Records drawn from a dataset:
□ □ □ □

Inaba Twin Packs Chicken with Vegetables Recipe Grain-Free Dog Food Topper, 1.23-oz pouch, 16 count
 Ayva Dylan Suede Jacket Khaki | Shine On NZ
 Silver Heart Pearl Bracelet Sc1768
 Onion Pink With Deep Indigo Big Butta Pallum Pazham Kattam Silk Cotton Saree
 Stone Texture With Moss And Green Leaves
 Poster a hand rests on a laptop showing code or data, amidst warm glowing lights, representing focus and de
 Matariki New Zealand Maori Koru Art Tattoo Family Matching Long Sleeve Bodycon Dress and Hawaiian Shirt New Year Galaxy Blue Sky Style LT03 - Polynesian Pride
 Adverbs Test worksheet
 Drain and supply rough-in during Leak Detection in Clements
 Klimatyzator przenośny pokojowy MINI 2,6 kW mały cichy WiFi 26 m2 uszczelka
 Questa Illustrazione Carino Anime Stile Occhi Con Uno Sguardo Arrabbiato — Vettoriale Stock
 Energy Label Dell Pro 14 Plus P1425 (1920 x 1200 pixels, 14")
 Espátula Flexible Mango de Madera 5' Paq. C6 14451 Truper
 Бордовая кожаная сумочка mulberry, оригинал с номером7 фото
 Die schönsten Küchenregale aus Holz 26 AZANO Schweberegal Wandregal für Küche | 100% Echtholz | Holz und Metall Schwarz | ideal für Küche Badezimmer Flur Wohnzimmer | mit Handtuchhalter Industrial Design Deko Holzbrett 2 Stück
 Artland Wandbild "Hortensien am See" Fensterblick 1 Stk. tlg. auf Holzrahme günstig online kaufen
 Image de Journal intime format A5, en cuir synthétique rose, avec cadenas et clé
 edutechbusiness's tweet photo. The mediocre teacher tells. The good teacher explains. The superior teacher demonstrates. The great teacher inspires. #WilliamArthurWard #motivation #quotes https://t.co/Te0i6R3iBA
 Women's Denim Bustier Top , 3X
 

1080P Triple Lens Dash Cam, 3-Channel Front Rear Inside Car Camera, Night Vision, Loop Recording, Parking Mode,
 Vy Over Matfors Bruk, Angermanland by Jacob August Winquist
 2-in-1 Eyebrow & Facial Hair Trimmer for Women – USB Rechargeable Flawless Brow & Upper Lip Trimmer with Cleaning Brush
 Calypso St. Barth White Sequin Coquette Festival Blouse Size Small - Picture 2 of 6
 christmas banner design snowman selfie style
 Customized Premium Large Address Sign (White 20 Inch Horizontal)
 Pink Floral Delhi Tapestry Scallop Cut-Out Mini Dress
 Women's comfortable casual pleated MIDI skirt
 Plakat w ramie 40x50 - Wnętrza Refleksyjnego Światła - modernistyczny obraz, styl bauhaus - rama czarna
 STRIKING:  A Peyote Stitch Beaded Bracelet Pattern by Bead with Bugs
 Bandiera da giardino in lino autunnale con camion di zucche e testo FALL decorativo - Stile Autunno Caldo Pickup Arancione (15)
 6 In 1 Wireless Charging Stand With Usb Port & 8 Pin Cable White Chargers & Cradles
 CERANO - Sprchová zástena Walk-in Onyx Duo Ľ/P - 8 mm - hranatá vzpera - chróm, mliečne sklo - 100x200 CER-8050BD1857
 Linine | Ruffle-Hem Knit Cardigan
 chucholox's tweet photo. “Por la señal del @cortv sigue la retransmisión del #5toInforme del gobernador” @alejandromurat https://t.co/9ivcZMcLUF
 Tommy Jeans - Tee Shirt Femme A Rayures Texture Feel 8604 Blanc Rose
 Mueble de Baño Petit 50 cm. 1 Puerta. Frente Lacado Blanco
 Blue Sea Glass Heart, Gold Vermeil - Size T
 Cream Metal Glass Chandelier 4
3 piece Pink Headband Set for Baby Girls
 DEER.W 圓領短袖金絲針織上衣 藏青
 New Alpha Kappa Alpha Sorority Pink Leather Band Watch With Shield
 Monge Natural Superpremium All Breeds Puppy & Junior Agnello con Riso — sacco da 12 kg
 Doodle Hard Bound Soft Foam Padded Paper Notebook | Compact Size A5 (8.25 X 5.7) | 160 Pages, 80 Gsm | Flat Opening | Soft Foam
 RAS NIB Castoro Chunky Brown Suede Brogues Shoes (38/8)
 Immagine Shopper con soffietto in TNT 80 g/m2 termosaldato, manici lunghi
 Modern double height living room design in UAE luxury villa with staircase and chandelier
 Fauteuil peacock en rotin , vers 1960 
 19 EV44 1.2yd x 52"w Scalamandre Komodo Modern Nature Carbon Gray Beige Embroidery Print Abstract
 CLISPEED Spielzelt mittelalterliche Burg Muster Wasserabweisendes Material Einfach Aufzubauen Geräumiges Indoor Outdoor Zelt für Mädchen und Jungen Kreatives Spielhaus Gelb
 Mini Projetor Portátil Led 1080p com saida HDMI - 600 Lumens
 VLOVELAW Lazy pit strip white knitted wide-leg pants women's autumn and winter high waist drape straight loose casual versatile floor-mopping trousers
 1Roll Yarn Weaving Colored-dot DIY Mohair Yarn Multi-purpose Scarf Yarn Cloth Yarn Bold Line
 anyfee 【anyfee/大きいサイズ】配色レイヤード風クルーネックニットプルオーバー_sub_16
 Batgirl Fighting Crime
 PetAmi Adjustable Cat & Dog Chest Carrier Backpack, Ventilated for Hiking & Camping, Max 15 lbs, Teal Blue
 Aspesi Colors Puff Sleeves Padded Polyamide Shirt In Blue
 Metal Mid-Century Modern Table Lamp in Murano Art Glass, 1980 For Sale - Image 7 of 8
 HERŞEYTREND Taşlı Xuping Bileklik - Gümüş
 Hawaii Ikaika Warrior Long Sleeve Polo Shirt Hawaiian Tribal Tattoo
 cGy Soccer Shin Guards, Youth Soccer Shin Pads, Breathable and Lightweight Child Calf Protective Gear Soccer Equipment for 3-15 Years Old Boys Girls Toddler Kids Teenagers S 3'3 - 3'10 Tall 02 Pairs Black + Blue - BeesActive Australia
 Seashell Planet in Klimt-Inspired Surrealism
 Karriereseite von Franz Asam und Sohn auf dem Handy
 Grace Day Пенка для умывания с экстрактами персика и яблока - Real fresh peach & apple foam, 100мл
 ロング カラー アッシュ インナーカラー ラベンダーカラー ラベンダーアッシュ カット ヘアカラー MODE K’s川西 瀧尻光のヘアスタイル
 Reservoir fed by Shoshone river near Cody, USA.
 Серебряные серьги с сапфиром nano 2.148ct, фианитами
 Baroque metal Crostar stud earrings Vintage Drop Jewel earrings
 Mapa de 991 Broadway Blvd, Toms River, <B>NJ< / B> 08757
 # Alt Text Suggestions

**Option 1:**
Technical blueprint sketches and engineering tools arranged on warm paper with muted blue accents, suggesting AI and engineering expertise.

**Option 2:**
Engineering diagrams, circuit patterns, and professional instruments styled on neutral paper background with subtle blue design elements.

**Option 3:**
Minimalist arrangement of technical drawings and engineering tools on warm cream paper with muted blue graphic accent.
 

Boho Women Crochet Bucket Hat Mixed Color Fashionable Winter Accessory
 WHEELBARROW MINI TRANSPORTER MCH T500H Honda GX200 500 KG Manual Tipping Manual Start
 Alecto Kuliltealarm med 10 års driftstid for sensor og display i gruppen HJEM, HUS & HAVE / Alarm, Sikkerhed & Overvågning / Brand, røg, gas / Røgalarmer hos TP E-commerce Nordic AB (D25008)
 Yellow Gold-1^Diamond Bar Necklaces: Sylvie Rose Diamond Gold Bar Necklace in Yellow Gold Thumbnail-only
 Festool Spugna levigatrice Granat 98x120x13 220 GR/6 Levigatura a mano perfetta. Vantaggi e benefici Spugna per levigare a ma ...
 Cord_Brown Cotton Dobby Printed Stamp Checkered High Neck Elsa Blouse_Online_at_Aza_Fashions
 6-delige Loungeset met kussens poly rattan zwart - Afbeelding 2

□ □ □ □

▸ **Exercise objective**:
Reproduce the lines of the records exactly, from the first one through the line that contains "Stone Texture With Moss And Green Leaves".

▸ **Result of the exercise**:
Inaba Twin Packs Chicken with Vegetables Recipe Grain-Free Dog Food Topper, 1.23-oz pouch, 16 count
 Ayva Dylan Suede Jacket Khaki | Shine On NZ
 Silver Heart Pearl Bracelet Sc1768
 Onion Pink With Deep Indigo Big Butta Pallum Pazham Kattam Silk Cotton Saree
 Stone Texture With Moss And Green Leaves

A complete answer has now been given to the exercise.